Premature baby was one of three to die in 'contaminated' feed tragedy

by · Mail Online

A premature twin baby born at just 28 weeks was one of three who died after being given a 'contaminated' feeding solution, an inquest has found.

Oscar Barker, Aviva Otte, and Yousef Al-Kharboush all died in 2014 after being fed with a solution that had been contaminated by a bacterium called bacillus cereus.

The coroner has written a prevention of future deaths report, demanding action from public health bodies to avoid such a tragedy happening again.  

Oscar was born at the Rosie Hospital, Addenbrooke's in Cambridge on May 27, 2014, at 28 weeks gestation as one of twins. 

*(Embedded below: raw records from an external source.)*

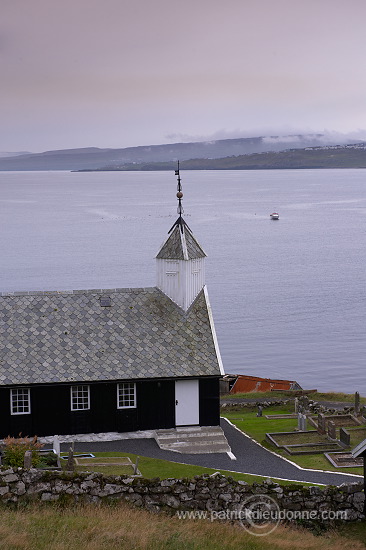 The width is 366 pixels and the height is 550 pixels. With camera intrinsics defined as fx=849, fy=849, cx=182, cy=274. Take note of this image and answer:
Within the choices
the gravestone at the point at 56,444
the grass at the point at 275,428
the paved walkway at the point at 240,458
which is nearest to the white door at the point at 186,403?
the paved walkway at the point at 240,458

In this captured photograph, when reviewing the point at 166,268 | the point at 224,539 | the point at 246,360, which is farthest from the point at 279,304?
the point at 224,539

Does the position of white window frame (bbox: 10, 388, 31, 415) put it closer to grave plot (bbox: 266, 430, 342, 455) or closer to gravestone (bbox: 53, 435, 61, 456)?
gravestone (bbox: 53, 435, 61, 456)

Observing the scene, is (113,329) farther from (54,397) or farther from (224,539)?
(224,539)

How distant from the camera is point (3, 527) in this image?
58.5 feet

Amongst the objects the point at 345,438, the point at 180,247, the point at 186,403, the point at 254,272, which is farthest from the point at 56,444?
the point at 254,272

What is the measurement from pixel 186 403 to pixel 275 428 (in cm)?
473

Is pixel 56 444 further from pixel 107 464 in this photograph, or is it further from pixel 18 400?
pixel 18 400

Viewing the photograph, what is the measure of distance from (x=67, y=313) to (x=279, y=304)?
185 feet

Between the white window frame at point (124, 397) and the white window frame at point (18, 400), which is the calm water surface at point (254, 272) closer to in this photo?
the white window frame at point (124, 397)

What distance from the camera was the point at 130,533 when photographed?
706 inches

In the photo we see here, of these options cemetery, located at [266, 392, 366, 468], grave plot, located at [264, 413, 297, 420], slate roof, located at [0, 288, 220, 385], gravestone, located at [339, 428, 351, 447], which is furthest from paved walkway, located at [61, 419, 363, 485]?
grave plot, located at [264, 413, 297, 420]

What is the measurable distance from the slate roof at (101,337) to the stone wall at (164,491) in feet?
35.1

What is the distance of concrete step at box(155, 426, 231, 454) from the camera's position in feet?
101

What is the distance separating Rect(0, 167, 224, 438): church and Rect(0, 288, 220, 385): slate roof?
0.04 meters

He was given total parenteral nutrition (TPN), which is a liquid solution containing nutrients to help children grow, according to Great Ormond Street Hospital.

His health was monitored and he underwent surgery and a blood transfusion. 

At 20 days after he was born, he was 'very sick' with multi-organ failure and sepsis

Blood cultures were tested and one was found to have bacillus cereus. Oscar died on June 29, 2014.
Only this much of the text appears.